**Data under study:**
+++

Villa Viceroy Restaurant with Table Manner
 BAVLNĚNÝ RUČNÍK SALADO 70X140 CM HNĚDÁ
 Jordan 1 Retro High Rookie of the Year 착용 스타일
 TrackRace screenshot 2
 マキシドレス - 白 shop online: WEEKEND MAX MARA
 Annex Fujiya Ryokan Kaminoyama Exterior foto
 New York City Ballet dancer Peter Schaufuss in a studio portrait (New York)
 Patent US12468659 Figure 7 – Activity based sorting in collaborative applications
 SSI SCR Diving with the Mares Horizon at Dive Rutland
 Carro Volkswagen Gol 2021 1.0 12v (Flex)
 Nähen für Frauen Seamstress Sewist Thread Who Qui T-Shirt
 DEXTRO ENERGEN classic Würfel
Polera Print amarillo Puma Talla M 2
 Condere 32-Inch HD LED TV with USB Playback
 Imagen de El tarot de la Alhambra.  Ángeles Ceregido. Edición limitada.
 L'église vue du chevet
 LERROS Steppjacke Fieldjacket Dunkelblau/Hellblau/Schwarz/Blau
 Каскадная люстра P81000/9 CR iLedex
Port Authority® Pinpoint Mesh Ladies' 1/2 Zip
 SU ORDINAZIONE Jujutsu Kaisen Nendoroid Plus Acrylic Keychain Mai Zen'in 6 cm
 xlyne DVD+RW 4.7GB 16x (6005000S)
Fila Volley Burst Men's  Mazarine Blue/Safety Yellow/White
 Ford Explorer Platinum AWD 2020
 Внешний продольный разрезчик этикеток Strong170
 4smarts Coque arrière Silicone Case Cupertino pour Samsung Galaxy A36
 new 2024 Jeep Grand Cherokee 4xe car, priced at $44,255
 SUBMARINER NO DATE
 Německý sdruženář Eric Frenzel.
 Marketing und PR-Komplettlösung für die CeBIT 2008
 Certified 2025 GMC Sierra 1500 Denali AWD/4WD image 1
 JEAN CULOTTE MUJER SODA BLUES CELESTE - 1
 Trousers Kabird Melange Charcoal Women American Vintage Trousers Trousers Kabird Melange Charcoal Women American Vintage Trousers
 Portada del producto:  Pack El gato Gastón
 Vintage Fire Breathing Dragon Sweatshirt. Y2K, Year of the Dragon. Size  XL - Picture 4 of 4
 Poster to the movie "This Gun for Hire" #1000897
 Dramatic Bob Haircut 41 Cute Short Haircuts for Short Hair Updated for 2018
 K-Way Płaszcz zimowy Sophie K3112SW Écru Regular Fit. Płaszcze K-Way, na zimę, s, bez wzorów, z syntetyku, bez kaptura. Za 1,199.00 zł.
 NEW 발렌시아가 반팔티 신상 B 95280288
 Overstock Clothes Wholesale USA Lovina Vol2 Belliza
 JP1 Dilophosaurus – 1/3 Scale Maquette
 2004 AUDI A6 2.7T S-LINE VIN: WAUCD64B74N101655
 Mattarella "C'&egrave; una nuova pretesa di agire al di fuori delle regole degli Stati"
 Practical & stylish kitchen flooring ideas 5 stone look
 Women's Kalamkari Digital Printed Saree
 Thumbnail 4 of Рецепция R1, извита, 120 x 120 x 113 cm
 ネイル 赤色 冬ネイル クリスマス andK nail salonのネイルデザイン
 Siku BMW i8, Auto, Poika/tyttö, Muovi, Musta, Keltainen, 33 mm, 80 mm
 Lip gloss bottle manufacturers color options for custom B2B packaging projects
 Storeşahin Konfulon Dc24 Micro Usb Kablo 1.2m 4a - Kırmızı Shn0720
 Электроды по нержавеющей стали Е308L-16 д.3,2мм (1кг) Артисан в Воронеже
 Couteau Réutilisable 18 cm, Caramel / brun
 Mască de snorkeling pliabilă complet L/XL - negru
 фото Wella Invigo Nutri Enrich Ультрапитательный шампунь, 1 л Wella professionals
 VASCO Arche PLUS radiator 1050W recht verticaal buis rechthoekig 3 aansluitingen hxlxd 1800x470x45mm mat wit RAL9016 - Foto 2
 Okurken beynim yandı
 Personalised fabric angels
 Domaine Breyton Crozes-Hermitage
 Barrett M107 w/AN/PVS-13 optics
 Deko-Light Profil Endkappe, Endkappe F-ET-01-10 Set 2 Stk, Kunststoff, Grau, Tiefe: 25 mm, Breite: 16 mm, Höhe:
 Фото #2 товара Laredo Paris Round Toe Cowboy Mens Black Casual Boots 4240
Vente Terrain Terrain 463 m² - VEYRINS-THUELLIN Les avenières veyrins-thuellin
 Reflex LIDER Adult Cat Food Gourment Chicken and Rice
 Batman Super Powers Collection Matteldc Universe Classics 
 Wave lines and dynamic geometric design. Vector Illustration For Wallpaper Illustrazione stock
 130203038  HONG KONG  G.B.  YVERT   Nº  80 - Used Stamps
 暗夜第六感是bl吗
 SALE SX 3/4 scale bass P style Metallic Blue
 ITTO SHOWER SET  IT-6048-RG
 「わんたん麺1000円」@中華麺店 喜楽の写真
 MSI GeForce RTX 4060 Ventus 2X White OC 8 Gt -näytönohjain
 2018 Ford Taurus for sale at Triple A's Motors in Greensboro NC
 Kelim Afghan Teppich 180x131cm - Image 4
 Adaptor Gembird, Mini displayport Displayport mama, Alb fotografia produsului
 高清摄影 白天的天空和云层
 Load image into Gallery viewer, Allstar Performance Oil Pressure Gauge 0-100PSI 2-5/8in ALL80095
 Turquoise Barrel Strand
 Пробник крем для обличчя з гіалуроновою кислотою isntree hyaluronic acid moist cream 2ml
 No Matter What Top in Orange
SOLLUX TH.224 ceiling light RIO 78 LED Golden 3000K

+++

**Assignment:** Repeat, exactly as they stand above, the lines from the line with "Patent US12468659 Figure" to the line with "Port Authority® Pinpoint Mesh Ladies' 1/2 Zip", both lines included.

**Result of this task:**
 Patent US12468659 Figure 7 – Activity based sorting in collaborative applications
 SSI SCR Diving with the Mares Horizon at Dive Rutland
 Carro Volkswagen Gol 2021 1.0 12v (Flex)
 Nähen für Frauen Seamstress Sewist Thread Who Qui T-Shirt
 DEXTRO ENERGEN classic Würfel
Polera Print amarillo Puma Talla M 2
 Condere 32-Inch HD LED TV with USB Playback
 Imagen de El tarot de la Alhambra.  Ángeles Ceregido. Edición limitada.
 L'église vue du chevet
 LERROS Steppjacke Fieldjacket Dunkelblau/Hellblau/Schwarz/Blau
 Каскадная люстра P81000/9 CR iLedex
Port Authority® Pinpoint Mesh Ladies' 1/2 Zip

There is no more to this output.